Thermal-oxidative growth of aligned W18O49 nanowire arrays for high performance gas sensor

Abstract

Gas sensors based on aligned arrays of W18O49 nanowires were formed directly via a novel route of in situ thermal oxidation of sputtered W film on the substrate attached patterned Pt electrodes. The well-developed nanowires have diameter of 10–20nm and show roughly aligned morphology. It is found that the duration of oxygen exposure during thermal annealing plays a crucial role to harvest a pure phase of W18O49 nanowire with desired length. The roughly aligned W18O49 nanowires show favourable microstructure for gas adsorption and rapid gas diffusion. The NO2-sensing properties of aligned W18O49 nanowires sensor were evaluated at 50°C up to 200°C over NO2 concentration ranging from 250ppb to 2.5ppm.
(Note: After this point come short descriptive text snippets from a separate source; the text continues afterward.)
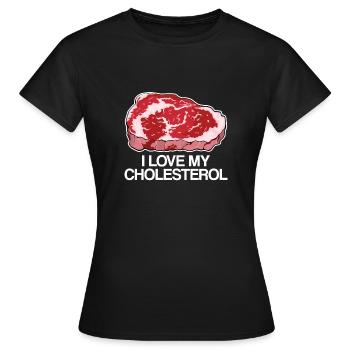 Cholesterol Fleischfresser Ketogene Diät Geschenk - Frauen T-Shirt - Schwarz - Vorne - AI Model Female 172 dark (172cm)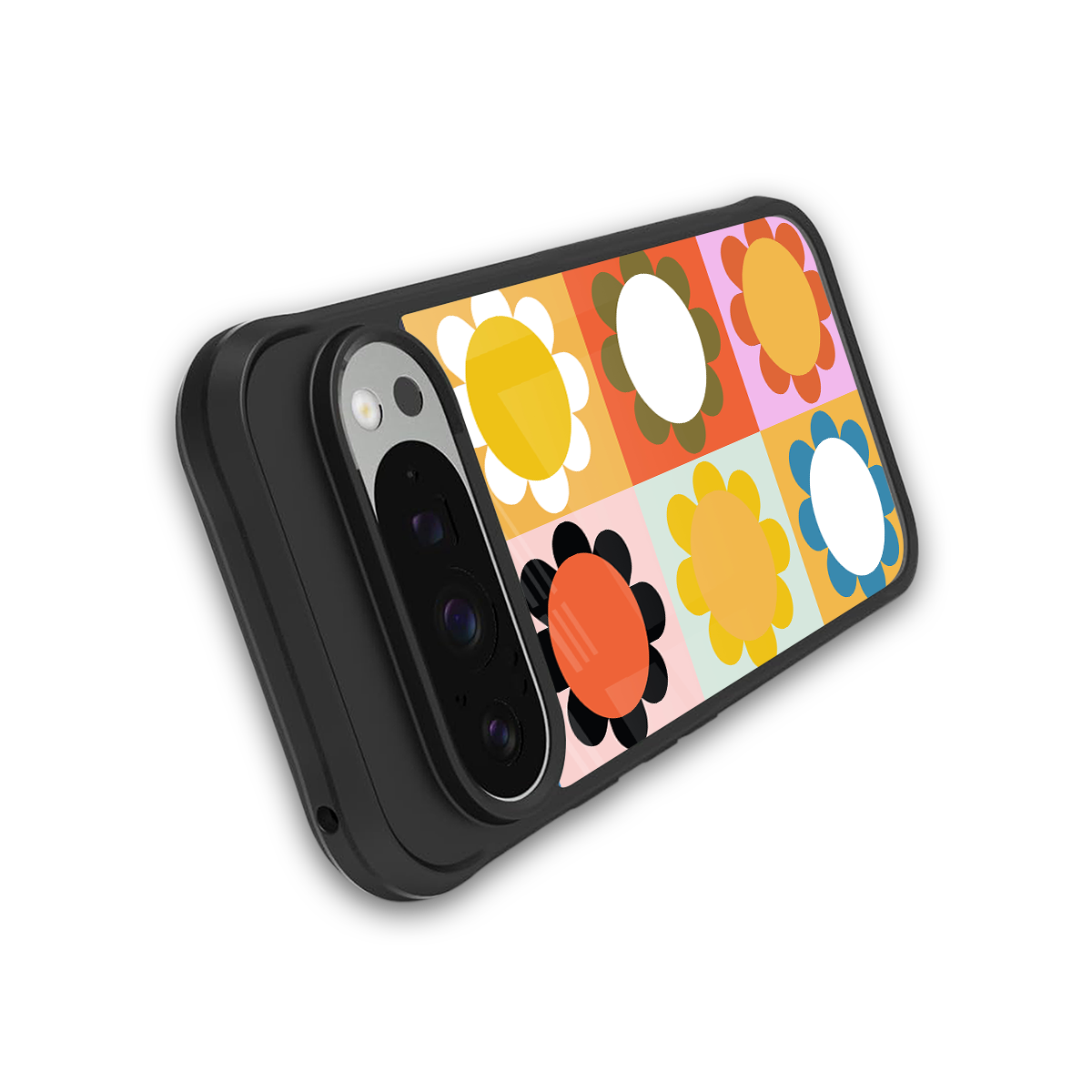 floral joy back phone cover | glass case for google pixel 9 pro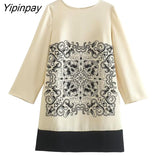 Yipinpay Spring Summer Women Printed Mini Dresses 2023 Elegant O-neck Party Thin Dress Causal Long Sleeve Straigh Vestidos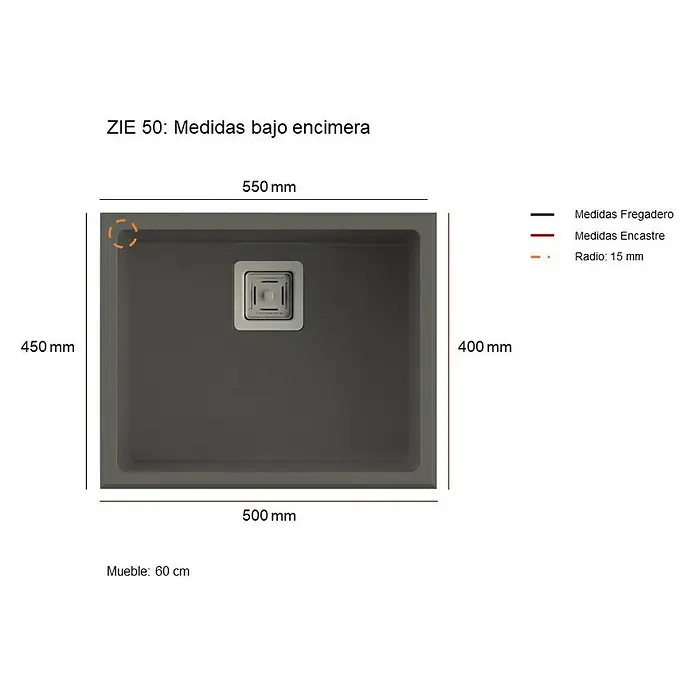 Poalgi Fregadero encastrable Zie 50 - 45 x 55 cm, Material compuesto, Negro, Brillante - Imagen de un fregadero bajo encimera ZIE 50 con dimensiones de 550 mm de ancho, 450 mm de alto y 500 mm de profundidad. Incluye válvula de desagüe.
The results indicate that the W18O49 nanowire arrays sensor exhibits good NO2-sensing performances at its optimal operating temperature of 150°C, especially perfect stability and fast response–recovery characteristics. The reliable interface performance and fast gas adsorption–desorption properties of the directly assembled vertically aligned nanowire array attribute to the superior stability and quick response/recovery. The growth mechanism of aligned W18O49 nanowires is proposed based on the direct SEM observations on the intermediate products, and meanwhile the sensing mechanism of the corresponding sensor is analyzed.